What a set of characters, and what a plot. This is not Bergman, of course, or Hitchcock, or anyone else: this is an exuberant, imaginative, provocative, playful, emotional film by Almodóvar, a true Pedro Pedro Almodóvar melodrama. The gaudy palette of colors, the jarring interiors, the stupendous elegance of clothes, jewels, and haircuts are the vibrant frame from where feelings explode. The ordinary rules cinema tries to reflect are not enough to make happiness possible, to get understood and loved, to let the streams of life and feelings run free. You need to shuffle the deck, to sort the cards in a new way, to play them differently: you twist, you tweak, you distort, you dare shooting the same plot as it has never been.

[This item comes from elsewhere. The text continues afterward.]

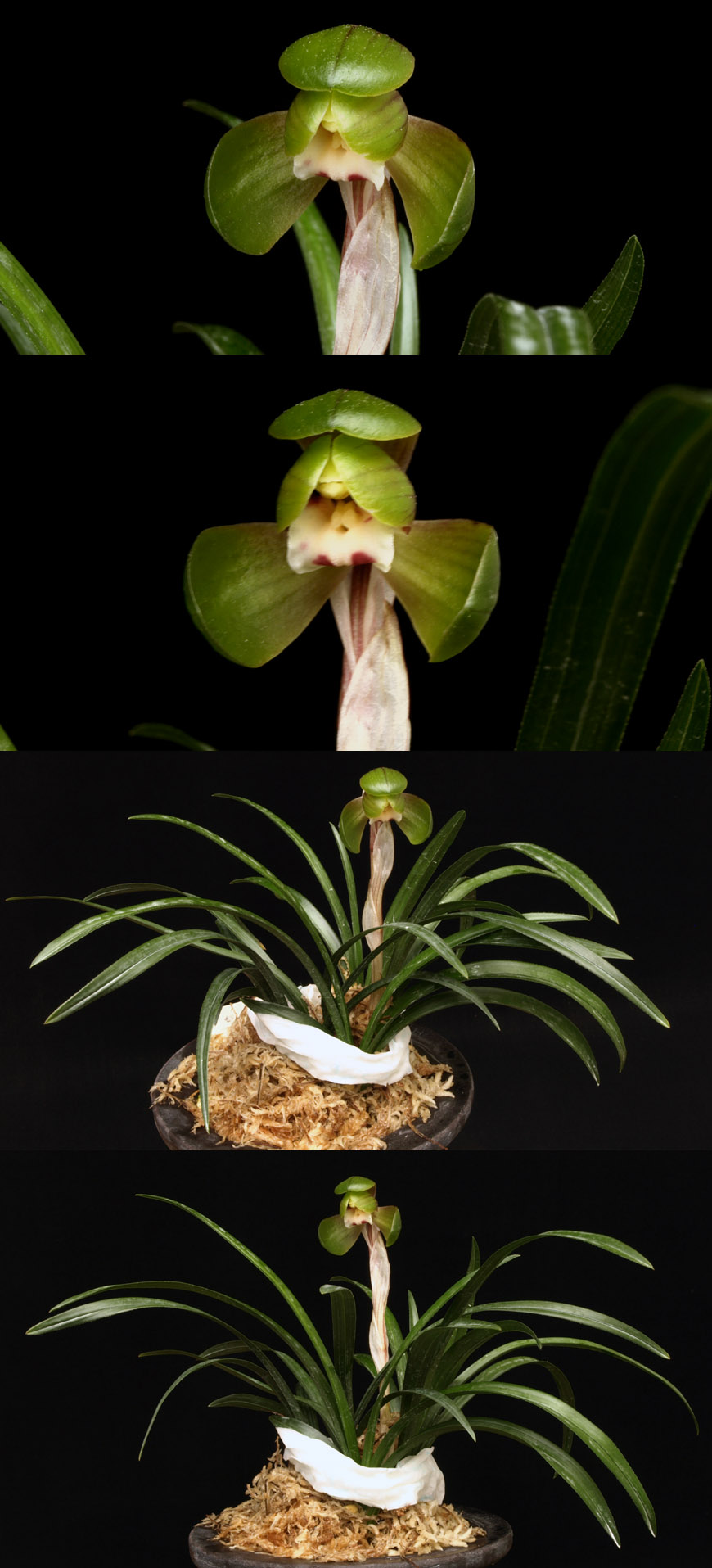 ������ ū������ �� �� �ֽ��ϴ�.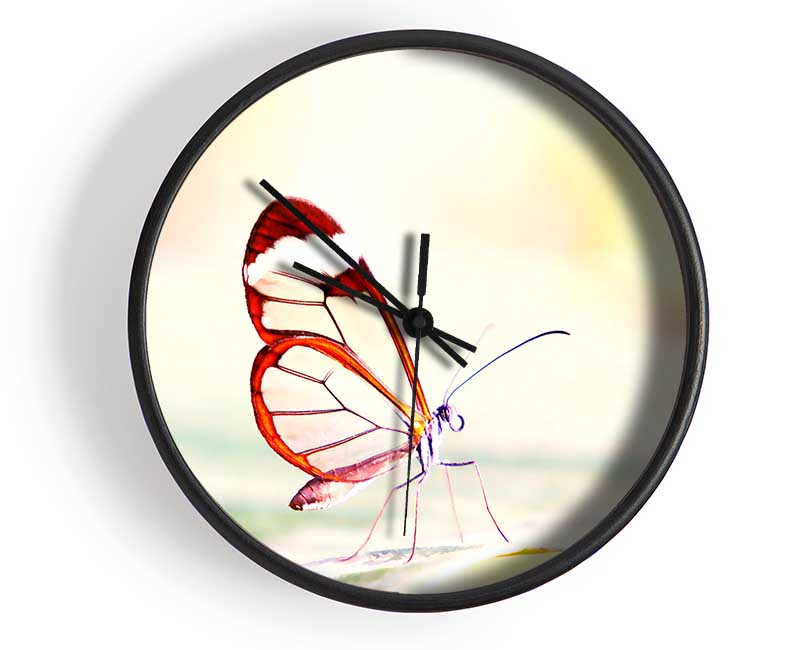 Transparent Winged Butterfly Clock - Wallart-Direct UK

And you can win the audience over, because an artistic form has been carefully crafted that deeply surprises and deeply moves, thanks to the truthfulness the actresses and actors were invited to find out in their characters’ complexities, thanks to the bold mix of sentimentality and comedy, as well as sheer fantasy (the film offers incredible set pieces, including a musical number in a jail). Melodrama for Almodóvar is the same thing as it was for many a predecessor since David Wark Griffith, a way to view the world.